» Your objective
Go through the lines below and tally those containing the string "pleats". Respond with the number only.

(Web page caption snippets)
= = =

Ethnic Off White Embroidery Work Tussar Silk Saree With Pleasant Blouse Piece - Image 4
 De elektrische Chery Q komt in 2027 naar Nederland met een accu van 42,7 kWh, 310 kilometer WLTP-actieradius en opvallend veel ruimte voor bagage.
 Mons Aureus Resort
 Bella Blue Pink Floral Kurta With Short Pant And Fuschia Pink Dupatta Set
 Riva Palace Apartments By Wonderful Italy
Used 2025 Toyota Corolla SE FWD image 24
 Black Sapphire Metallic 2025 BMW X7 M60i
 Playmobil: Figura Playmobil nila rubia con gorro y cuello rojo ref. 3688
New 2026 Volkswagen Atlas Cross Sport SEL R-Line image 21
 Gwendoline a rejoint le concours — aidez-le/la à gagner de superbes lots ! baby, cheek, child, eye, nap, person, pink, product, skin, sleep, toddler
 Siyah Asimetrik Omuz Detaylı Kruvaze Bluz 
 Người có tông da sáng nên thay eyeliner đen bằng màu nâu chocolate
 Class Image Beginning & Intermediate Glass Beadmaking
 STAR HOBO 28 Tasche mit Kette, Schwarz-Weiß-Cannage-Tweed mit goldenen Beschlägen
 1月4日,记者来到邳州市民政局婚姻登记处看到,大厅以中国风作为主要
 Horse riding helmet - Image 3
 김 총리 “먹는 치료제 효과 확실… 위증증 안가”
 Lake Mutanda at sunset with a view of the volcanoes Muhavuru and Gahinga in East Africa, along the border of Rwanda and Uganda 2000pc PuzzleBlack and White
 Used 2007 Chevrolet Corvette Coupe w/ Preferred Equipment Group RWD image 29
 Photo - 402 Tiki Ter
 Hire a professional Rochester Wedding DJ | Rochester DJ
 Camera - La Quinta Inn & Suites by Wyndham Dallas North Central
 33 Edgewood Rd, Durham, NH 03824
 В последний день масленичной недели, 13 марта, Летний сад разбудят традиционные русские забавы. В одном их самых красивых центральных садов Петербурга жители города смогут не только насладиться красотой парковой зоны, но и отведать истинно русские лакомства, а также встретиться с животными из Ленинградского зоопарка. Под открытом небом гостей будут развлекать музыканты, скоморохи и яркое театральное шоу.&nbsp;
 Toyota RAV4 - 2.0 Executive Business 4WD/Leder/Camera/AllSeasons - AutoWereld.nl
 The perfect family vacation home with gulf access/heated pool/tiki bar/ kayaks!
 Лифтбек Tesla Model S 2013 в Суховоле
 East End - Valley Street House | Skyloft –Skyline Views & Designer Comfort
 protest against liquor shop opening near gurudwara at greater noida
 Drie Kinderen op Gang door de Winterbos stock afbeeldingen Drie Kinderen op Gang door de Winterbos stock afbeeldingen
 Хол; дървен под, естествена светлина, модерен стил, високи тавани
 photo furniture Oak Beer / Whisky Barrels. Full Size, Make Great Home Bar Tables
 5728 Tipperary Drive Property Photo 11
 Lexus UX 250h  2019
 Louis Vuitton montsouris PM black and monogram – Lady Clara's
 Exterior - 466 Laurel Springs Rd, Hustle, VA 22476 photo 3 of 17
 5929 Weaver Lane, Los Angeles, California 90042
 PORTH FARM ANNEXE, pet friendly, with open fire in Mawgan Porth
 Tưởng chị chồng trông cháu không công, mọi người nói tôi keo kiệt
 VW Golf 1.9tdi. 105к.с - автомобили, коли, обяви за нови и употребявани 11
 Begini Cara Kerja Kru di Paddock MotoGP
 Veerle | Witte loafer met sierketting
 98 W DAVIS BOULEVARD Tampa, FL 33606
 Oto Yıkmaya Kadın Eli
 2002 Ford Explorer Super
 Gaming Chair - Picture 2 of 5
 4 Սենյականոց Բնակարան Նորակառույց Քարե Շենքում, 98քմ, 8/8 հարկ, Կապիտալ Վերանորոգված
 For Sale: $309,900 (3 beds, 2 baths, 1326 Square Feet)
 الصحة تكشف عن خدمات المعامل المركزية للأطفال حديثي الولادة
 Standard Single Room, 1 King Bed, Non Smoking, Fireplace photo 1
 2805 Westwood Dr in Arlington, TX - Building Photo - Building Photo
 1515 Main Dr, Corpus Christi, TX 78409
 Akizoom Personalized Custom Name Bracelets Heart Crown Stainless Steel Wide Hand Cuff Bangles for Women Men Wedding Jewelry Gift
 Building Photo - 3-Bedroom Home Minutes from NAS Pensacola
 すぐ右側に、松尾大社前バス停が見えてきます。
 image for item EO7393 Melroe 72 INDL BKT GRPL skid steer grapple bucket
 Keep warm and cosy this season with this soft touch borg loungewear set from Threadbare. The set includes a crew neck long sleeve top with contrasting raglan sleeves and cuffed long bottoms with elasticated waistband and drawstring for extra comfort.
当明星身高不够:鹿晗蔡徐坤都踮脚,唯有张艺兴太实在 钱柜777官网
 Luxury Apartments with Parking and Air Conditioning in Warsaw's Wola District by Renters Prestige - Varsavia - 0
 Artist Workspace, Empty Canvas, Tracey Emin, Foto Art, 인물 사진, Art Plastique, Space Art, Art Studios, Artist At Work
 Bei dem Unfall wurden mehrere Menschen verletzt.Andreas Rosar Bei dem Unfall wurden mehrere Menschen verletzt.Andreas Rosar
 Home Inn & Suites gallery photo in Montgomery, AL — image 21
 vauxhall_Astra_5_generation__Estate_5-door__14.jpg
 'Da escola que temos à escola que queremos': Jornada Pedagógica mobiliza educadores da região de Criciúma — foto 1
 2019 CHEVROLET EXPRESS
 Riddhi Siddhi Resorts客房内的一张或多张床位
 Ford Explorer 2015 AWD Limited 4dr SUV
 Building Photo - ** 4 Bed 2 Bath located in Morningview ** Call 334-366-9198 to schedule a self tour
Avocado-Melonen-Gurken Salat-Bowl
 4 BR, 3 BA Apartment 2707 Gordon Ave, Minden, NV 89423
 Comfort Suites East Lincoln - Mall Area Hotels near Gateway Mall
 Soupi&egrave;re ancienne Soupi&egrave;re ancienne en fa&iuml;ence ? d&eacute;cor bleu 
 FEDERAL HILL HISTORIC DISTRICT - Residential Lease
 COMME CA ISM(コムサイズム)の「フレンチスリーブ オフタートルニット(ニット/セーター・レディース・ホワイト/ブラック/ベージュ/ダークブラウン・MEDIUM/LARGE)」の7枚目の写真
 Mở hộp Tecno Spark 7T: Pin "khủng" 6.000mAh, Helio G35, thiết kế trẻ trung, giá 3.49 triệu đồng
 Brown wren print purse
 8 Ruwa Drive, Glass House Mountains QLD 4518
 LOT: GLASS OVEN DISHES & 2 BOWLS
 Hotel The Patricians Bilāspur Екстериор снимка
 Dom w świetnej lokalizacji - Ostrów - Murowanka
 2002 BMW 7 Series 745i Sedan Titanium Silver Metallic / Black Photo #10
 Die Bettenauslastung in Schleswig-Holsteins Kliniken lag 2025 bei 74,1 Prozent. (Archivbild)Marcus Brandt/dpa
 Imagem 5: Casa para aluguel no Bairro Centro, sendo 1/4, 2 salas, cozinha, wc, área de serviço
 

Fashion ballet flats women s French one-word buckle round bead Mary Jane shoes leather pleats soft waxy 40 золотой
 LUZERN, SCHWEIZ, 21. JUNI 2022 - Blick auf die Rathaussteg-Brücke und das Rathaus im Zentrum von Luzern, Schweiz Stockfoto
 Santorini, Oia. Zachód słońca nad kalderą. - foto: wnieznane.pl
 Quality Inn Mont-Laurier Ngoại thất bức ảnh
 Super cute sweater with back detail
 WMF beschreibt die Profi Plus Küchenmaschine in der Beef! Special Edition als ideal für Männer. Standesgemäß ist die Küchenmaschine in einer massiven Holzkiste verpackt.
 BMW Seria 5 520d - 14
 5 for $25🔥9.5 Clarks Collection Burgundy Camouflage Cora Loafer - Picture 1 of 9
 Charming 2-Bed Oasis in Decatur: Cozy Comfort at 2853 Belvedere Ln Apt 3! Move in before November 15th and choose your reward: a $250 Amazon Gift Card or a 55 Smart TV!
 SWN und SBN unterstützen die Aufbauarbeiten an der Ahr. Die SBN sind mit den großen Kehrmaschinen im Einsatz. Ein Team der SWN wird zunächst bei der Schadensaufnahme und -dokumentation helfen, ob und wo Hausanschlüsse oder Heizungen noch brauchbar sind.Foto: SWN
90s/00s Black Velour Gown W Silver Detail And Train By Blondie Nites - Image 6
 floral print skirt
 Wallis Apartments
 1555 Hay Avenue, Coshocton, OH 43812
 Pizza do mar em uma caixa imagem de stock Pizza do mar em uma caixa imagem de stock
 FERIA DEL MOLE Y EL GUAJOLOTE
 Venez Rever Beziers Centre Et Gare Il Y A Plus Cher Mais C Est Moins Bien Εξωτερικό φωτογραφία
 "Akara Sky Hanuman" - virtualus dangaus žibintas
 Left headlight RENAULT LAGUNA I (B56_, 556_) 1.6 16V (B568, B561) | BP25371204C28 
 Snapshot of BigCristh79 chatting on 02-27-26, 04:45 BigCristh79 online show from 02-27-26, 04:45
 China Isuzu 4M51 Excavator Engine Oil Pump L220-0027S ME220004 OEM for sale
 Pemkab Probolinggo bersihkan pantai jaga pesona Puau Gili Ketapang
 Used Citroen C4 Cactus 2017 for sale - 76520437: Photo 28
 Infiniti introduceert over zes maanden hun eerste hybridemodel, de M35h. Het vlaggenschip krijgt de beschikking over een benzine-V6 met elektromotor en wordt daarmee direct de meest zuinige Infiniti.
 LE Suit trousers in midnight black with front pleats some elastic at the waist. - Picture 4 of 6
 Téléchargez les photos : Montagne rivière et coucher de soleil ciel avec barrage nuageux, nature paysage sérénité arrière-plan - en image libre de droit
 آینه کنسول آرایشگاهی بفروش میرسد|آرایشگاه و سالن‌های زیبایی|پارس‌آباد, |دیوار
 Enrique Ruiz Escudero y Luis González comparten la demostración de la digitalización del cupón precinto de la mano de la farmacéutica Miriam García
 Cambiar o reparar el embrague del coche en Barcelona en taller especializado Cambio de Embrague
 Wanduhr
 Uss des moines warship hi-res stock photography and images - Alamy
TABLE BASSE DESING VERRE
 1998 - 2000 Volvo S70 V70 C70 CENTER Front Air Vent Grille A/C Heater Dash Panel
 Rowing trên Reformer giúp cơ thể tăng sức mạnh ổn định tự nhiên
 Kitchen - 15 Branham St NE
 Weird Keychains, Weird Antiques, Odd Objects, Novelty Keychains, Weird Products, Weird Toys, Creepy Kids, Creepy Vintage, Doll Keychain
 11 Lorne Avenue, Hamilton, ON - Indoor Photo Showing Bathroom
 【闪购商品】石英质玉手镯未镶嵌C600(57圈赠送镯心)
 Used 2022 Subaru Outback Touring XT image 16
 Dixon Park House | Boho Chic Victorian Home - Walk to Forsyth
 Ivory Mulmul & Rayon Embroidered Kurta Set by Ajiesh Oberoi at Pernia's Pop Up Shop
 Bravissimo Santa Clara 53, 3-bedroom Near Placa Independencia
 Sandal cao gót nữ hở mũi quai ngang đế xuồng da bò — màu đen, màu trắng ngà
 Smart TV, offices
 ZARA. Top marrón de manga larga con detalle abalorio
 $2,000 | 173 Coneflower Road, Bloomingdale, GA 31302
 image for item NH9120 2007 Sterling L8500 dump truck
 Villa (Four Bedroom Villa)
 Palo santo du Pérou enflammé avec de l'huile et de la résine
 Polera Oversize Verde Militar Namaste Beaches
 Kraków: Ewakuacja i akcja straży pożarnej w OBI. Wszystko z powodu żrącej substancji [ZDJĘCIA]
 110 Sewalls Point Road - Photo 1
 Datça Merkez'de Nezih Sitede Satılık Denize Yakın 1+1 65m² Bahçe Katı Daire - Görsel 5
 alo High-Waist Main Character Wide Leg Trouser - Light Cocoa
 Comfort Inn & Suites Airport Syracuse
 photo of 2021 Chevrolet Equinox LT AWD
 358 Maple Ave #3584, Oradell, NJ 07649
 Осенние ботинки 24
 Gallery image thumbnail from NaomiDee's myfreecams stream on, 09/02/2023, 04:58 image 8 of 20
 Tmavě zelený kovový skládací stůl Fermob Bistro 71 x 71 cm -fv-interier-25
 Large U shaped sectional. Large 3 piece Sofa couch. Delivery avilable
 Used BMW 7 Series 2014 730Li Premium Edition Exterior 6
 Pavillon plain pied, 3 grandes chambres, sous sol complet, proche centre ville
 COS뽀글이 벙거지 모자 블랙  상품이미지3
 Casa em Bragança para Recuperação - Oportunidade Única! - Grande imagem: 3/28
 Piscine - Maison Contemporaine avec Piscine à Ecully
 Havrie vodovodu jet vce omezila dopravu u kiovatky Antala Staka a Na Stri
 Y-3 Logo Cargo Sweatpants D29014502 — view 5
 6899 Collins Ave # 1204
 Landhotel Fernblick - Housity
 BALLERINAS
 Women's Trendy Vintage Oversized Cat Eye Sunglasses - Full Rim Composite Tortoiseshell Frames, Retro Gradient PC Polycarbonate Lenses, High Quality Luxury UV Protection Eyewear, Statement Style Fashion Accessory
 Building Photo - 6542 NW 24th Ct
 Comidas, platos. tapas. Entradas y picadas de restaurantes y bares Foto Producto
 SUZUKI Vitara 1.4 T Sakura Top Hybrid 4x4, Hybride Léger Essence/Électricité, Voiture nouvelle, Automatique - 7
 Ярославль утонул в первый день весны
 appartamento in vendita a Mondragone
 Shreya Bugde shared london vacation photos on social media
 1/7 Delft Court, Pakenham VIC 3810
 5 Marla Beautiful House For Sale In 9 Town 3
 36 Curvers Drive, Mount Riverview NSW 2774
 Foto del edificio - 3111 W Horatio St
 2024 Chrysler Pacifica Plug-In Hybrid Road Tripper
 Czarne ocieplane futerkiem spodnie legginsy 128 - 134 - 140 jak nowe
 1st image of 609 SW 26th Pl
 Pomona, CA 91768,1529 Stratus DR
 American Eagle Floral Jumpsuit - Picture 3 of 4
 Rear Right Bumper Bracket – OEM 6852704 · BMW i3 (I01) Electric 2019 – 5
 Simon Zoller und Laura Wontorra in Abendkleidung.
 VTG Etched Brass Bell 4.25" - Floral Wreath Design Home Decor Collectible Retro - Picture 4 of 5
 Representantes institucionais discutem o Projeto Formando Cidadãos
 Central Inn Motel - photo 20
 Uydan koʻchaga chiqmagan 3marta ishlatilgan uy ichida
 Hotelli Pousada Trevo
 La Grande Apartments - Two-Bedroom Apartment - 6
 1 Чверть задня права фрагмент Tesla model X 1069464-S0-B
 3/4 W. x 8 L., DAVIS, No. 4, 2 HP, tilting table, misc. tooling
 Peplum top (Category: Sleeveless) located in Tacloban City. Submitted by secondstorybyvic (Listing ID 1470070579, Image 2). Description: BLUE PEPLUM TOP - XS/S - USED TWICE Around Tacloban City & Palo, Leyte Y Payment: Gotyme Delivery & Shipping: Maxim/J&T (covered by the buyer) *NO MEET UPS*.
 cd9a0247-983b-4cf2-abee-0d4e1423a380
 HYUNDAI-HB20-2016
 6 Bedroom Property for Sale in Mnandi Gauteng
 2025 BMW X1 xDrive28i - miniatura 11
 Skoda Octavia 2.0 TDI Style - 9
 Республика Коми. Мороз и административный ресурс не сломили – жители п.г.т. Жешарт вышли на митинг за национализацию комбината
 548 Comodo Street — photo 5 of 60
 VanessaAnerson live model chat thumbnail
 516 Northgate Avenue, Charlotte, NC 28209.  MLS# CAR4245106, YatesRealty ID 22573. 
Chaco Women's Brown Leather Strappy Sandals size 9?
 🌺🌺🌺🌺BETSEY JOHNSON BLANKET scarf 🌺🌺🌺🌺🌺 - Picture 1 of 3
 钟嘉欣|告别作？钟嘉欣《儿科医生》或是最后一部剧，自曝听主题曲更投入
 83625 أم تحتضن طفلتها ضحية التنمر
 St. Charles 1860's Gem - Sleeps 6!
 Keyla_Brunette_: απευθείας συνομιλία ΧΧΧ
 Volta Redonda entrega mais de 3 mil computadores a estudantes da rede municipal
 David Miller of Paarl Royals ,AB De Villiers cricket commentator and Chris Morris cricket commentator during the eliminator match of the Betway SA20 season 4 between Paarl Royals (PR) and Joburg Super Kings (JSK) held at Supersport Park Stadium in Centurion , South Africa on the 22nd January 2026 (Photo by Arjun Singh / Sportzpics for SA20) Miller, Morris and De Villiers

= = =

» Answer box
2